- [What you will do]: Keep the pictures out. Copy every line of the listing exactly.

- [Data shown]:
◇ ◇ ◇ ◇

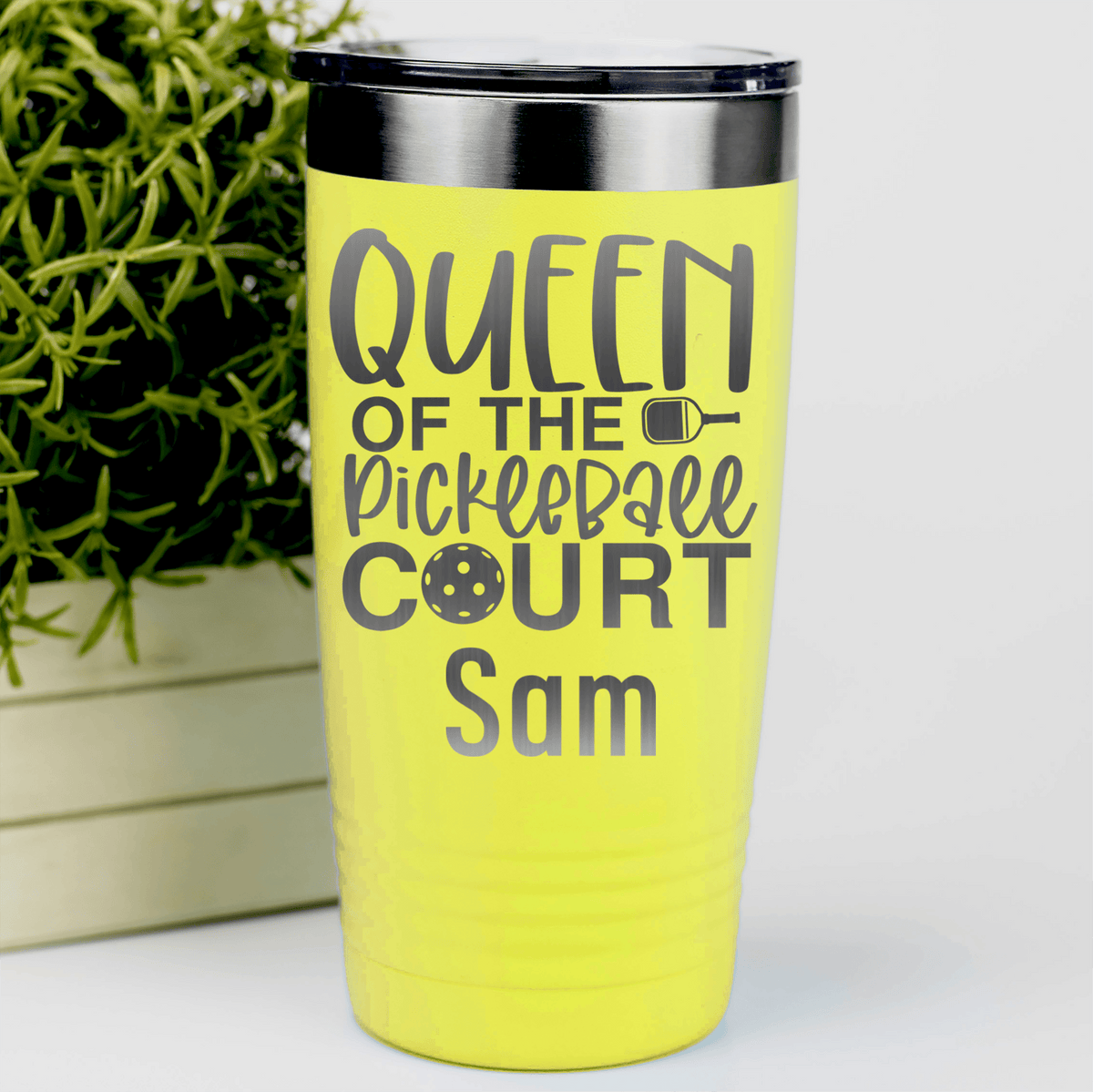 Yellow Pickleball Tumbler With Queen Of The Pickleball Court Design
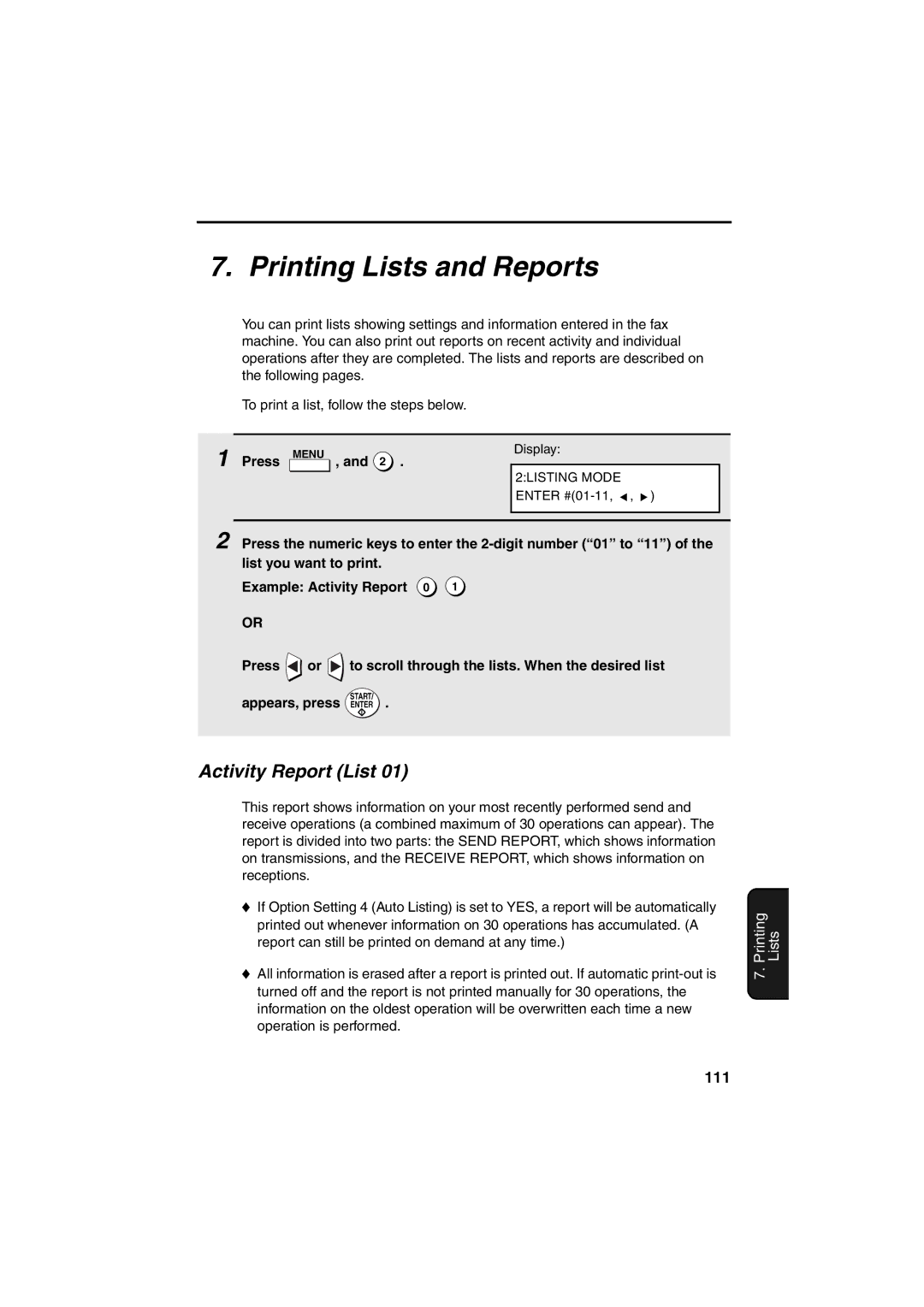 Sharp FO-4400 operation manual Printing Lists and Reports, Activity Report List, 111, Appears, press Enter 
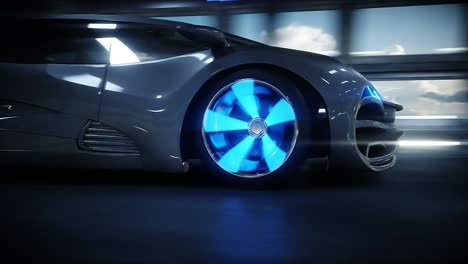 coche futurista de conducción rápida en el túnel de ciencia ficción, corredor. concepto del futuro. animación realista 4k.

◇ ◇ ◇ ◇

- [Answer for the task]:
 Yellow Pickleball Tumbler With Queen Of The Pickleball Court Design
 Sharp FO-4400 operation manual Printing Lists and Reports, Activity Report List, 111, Appears, press Enter 
 coche futurista de conducción rápida en el túnel de ciencia ficción, corredor. concepto del futuro. animación realista 4k.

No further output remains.